Rating: Summary: Haunted: Tales of the Grotesque Review: In an average life, the dark and macabre are kept hidden, bottled up, controlled, but in each eerie story of Joyce Carol Oates' Haunted: Tales of the Grotesque, there is no such thing as an average life. There is a middle-aged woman, decades later still traumatized by the murder of her childhood friend; a young girl who learns the horrible truth about her parents; an unwed mother driven to an unthinkable act as she fills up the tub with scalding water; a parallel universe where a woman sees horrifying violence committed upon her; a conspicuous Christmas present given to a man by his missing brother's wife; and dolls who walk and function among the living.
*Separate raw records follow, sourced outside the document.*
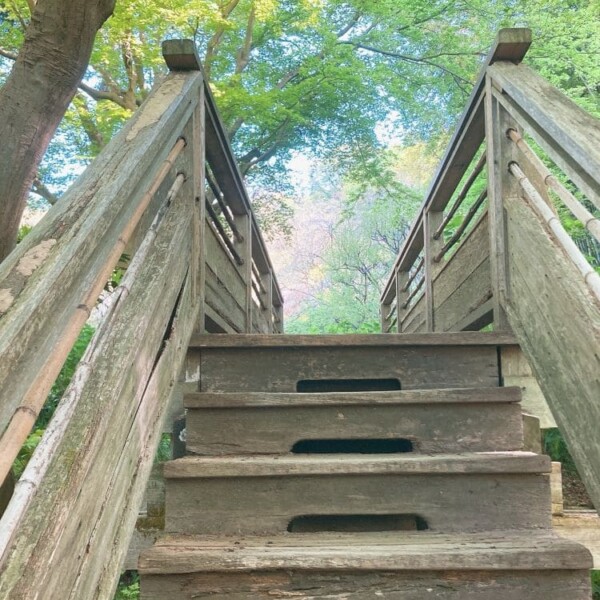 どこかの階段　美しかったので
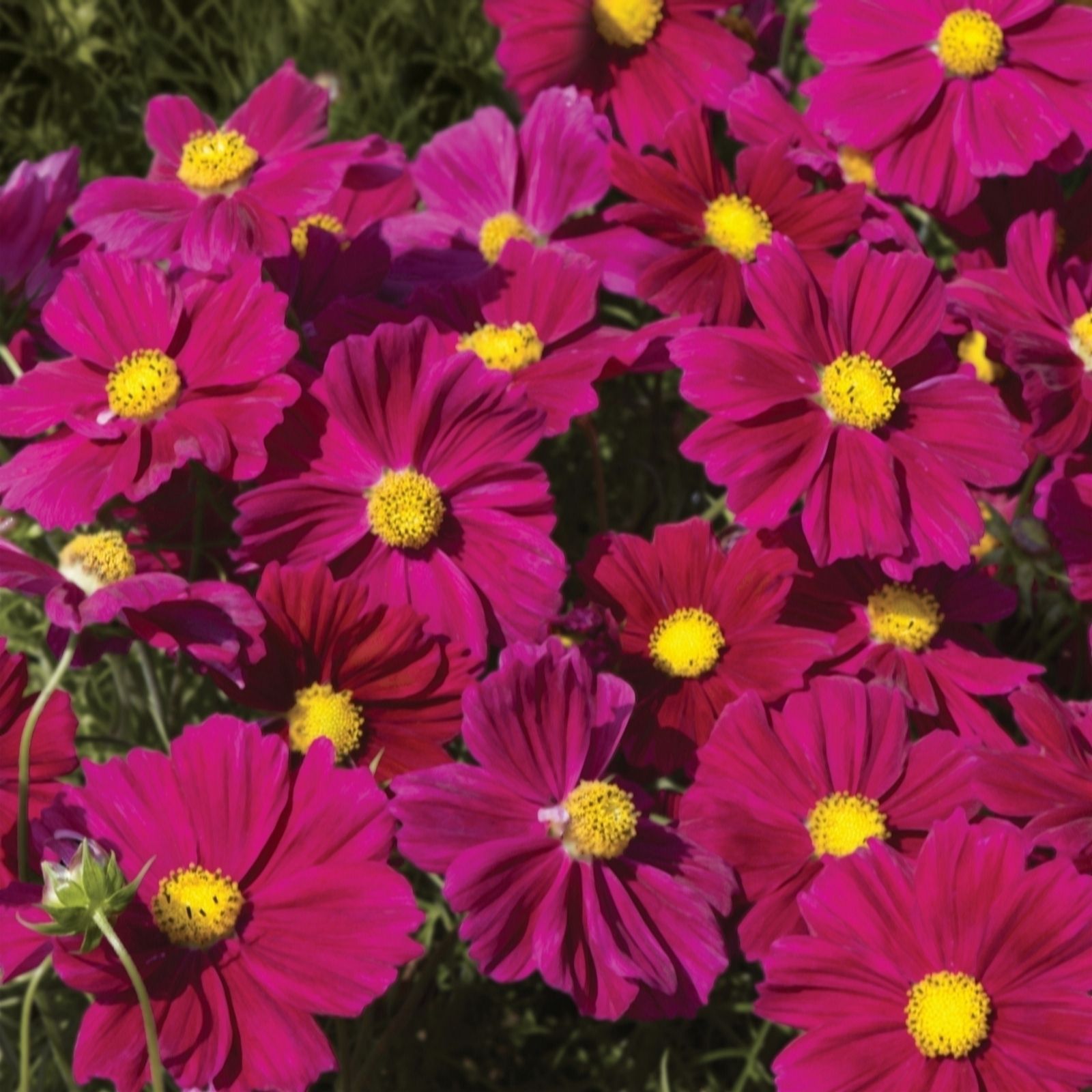 de Jager Colourful Cosmos Apollo x 12 - QVC UK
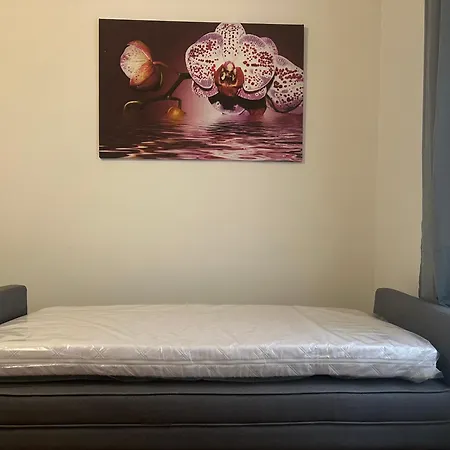 Star 2 Apartment *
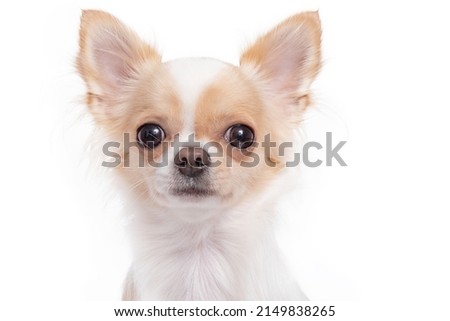 Pet, mini dog. Isolated photo of a Chihuahua dog on a white background.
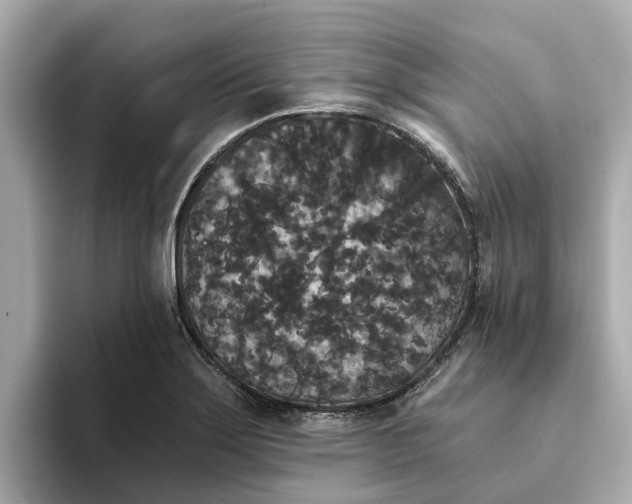 X0000093451275200710261053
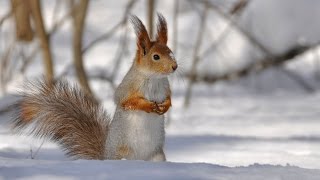 Как Белка Зимует. Детям Про Животных.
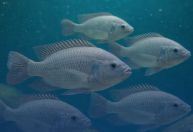 Governo de Minas anuncia proteção aos produtores de tilápia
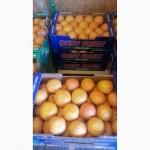Продаем грейпфрут из Испании
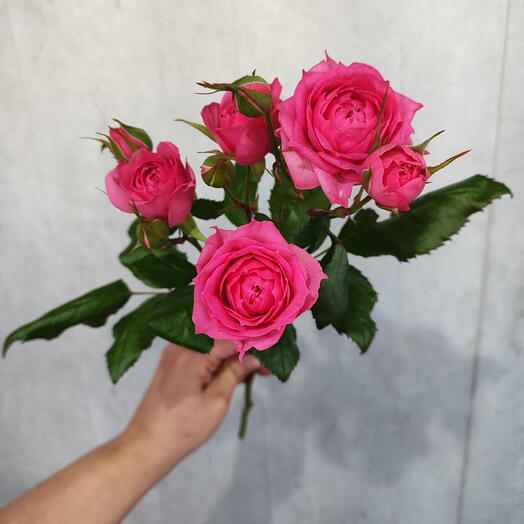 Кустовая роза Pink Dimensions 50 см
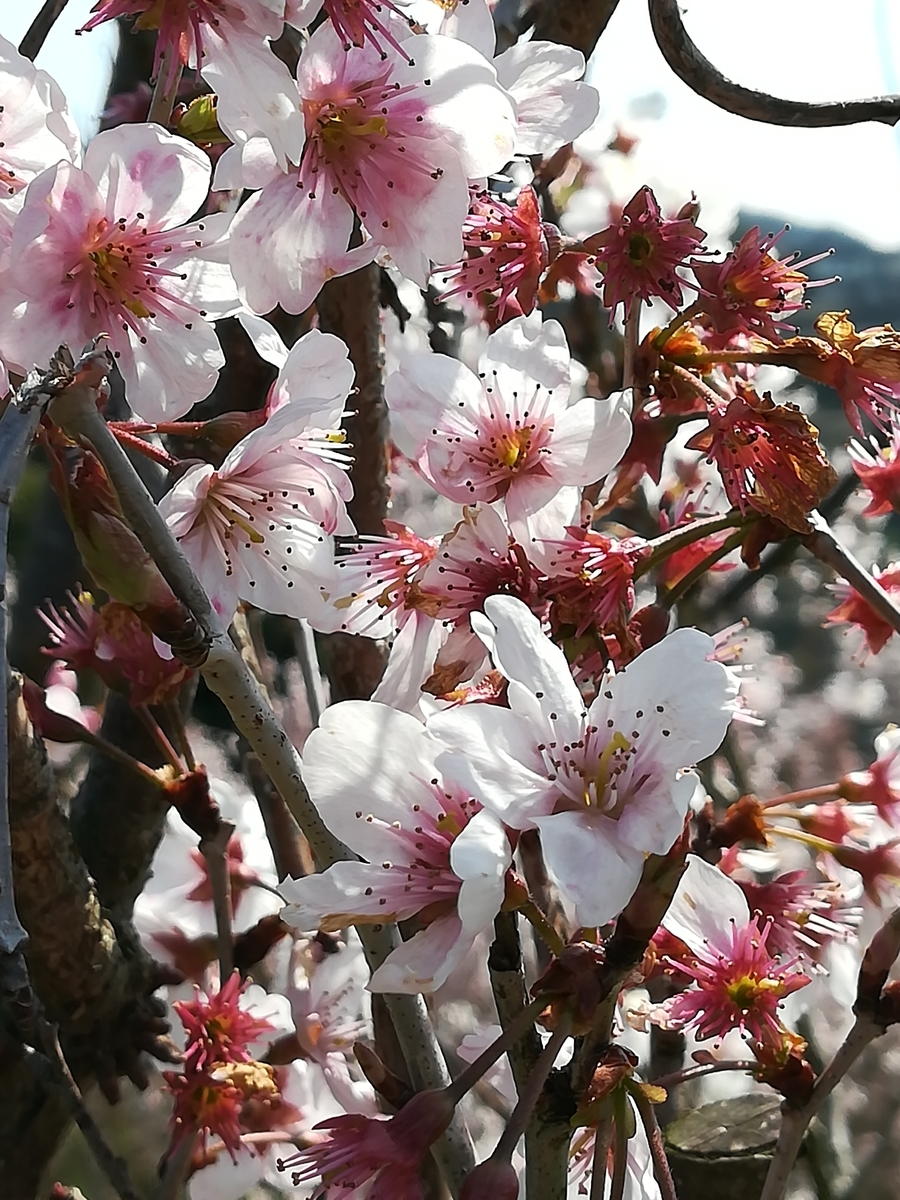 f:id:sobako17:20190317174429j:plain f:id:sobako17:20190317174429j:plain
In all of these stories, it is best not to become attached to any of the characters; some type of doom awaits them. These are not horror stories of the Friday the 13th or Nightmare on Elm Street nature where victim after victim meets a gory fate; these stories are about crossing over from the world we define as normal to the world of the perverse. In this world, it's an everyday occurrence for a 39-year-old virgin to decide to be deflowered by a bingo master; for abortions to be punishable by death; for a grocery store to go on with business as usual though the shelves are filled with stinking, rotting goods; for an American girl to be groomed from birth by her parents to be auctioned off in marriage to the highest bidder, a man who will treat her with terrifying cruelty. Rarely do any main characters in these stories die, but they are transferred into a never-ending nightmare from which they will never awake, from which death might even be a blessing. In some of the stories, there is no definite explanation of what kind of dreadful scene the reader is witnessing, such as what the veterinarian finds so shocking about Poor Bibi that he refuses his owners any service, and whether or not Jocko, the grown man in a two-year-old's body exists, or is just a figment of his mother's imagination, but the hint of something even more grotesque than what has been described is chillingly appropriate, giving readers the opportunity to unleash their imaginations into realms as terrifying as they themselves will allow.